- [Prompt]:
Transcribe the data exactly. Pictures stay out.

- [Collected material]:
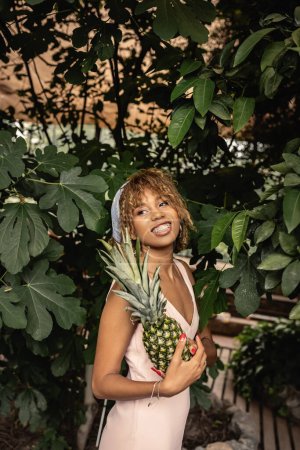 Smiling young african american woman with braces wearing summer outfit and holding pineapple and standing near plants in orangery, woman in summer outfit posing near lush tropical plants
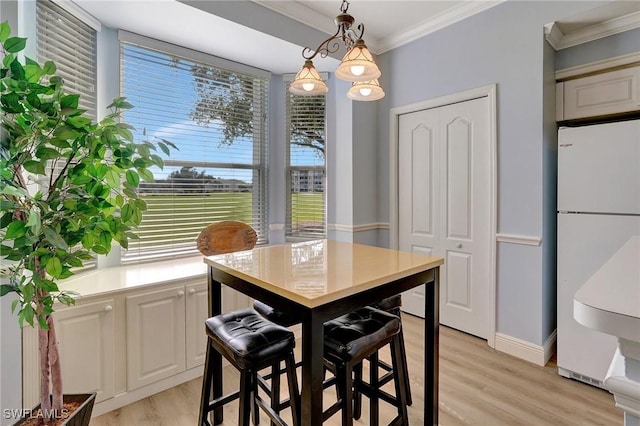 dining space featuring ornamental molding and light wood-type flooring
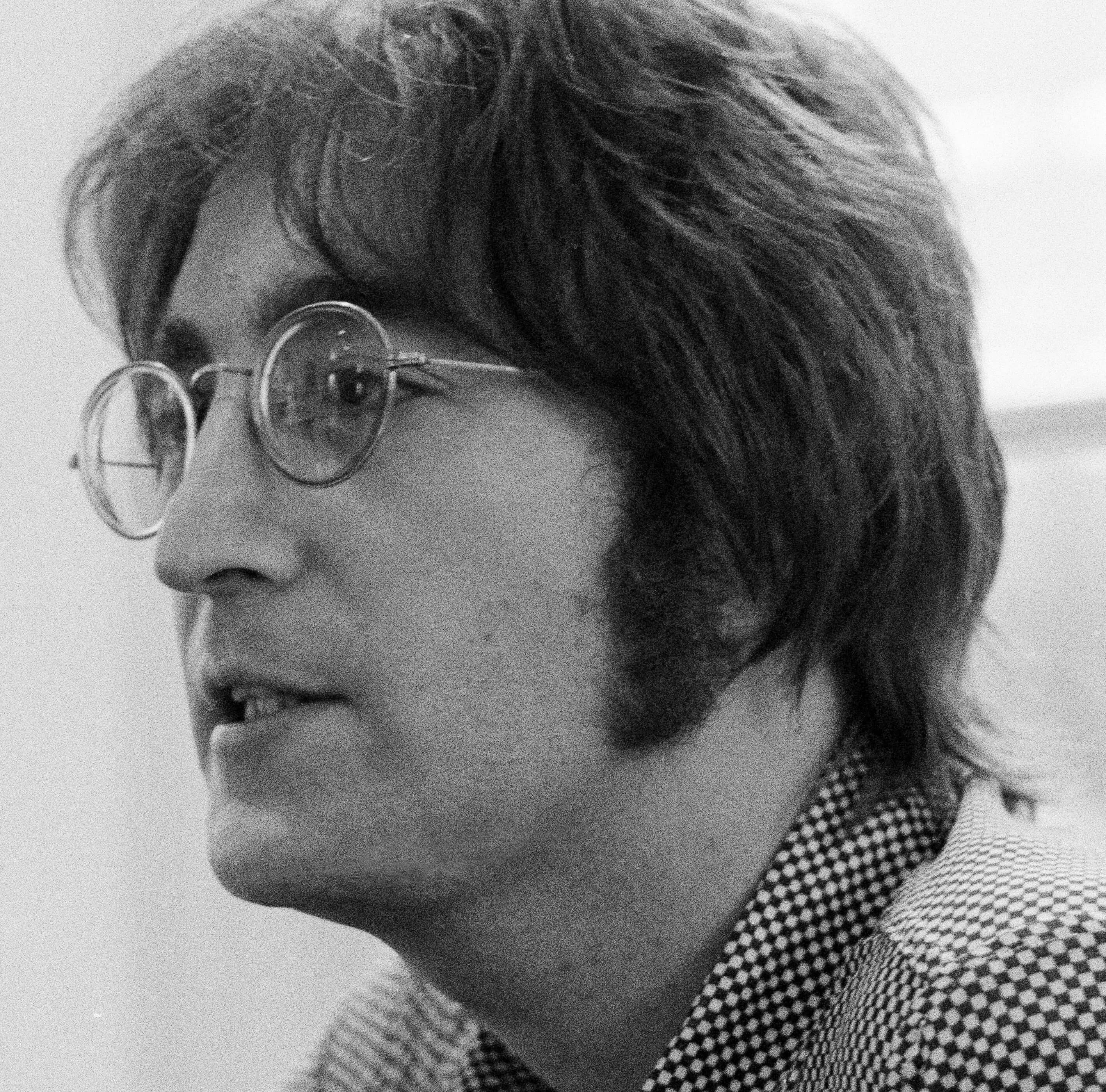 John Lennon in black-and-white during The Beatles' "Revolution" era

- [Output of the task]:
 Smiling young african american woman with braces wearing summer outfit and holding pineapple and standing near plants in orangery, woman in summer outfit posing near lush tropical plants
 dining space featuring ornamental molding and light wood-type flooring
 John Lennon in black-and-white during The Beatles' "Revolution" era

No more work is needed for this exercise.